93 American Indian Students Receive Scholarships from AT&T and the American Indian College Fund

American Indian College Fund
Tuesday, 17 June 2003

Ninety-three students at tribal colleges and universities have received scholarships from AT&T and the American Indian College Fund. The scholarships range in value from $110 to $1,000, with most falling into the $500 range.

The scholarships were made possible by the generosity of the AT&T Foundation, which is committed to increasing access to educational opportunities for American Indians. AT&T is among the premier voice and data communications companies in the world. The AT&T Foundation donated $50,000 for the scholarship program, which benefited the 93 American Indian students at the nation's tribally controlled colleges and universities. AT&T's donation came on the recommendation of the Inter-Tribal Council of AT&T Employees, Inc. Group members are actively involved in civic, educational, technology and cultural programs in Native communities and they have established a strong national network.

Out of the nation's 34 tribal colleges and universities, the 93 students represented 16 of the schools. Those institutions are:

Bay Mills Community College, Brimley, Mich.
Cankdeska Cikana Community College, Fort Totten, N.D.
College of Menominee Nation, Keshena, Wis.
Diné College, Tsaile, Ariz.
Fort Berthold Community College, New Town, N.D.
Haskell Indian Nations University, Lawrence, Kan.
Leech Lake Tribal College, Cass Lake, Minn.
Little Priest Tribal College, Winnebago, Neb.
Nebraska Indian Community College, Macy, Neb.
Northwest Indian College, Bellingham, Wash.
Salish Kootenai College, Pablo, Mont.
Sisseton Wahpeton College, Sisseton, S.D.
Sitting Bull College, Fort Yates, N.D.
Southwestern Indian Polytechnic Institute, Albuquerque, N.M.
Stone Child College, Box Elder, Mont.
United Tribes Technical College, Bismarck, N.D.

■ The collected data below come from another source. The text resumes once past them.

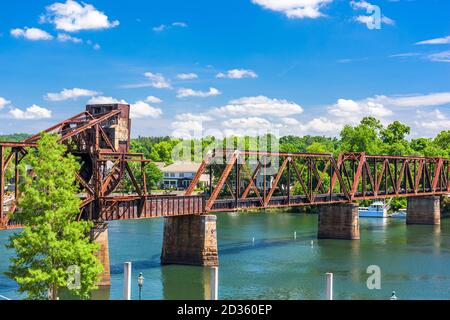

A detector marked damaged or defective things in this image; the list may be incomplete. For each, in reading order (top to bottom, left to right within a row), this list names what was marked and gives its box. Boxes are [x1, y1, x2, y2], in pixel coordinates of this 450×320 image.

rusty truss bridge [0, 104, 450, 231]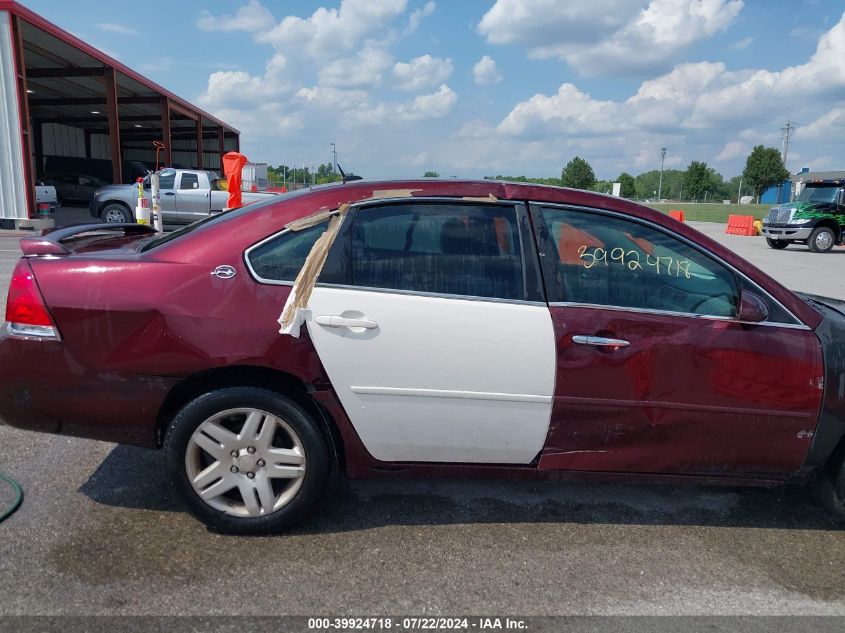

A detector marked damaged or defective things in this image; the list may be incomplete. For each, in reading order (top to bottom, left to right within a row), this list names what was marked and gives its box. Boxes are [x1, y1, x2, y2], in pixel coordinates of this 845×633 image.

damaged car door [306, 201, 556, 464]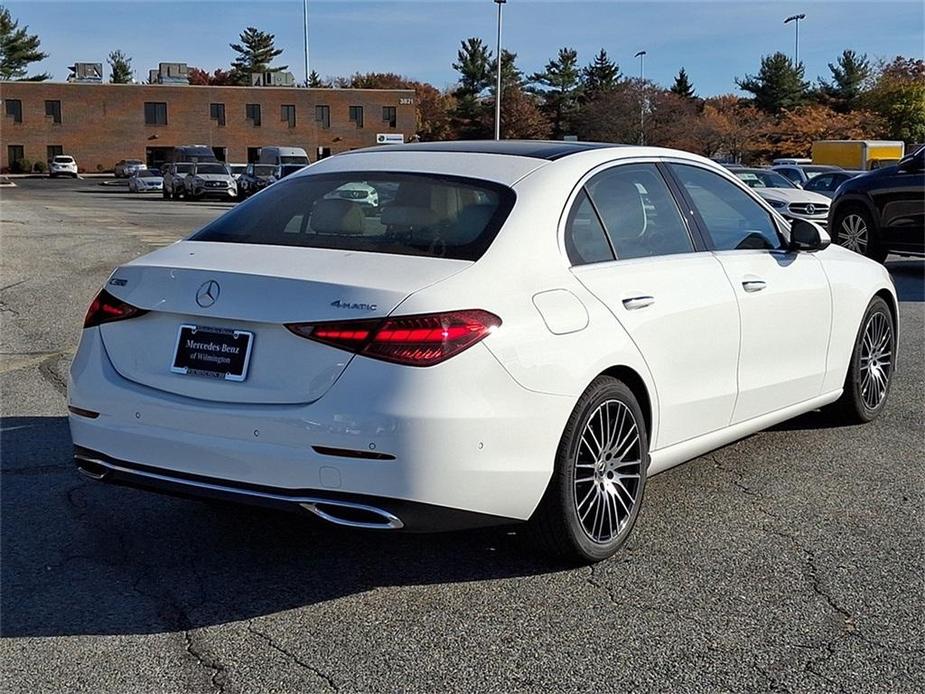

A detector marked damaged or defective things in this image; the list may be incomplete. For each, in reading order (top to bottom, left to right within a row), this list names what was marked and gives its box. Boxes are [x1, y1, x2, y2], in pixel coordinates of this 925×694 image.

cracked pavement [0, 181, 920, 694]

The American Indian College Fund, established in 1989, has spent more than a decade helping increase educational opportunities for Native students. With its credo "educating the mind and spirit," the Denver-based nonprofit distributes scholarships and support to 34 tribal colleges in 12 states. This aid directly supports more than 6,000 scholarships each year. The Fund also supports endowments, developmental needs and public awareness, as well as college programs in Native cultural preservation and teacher training.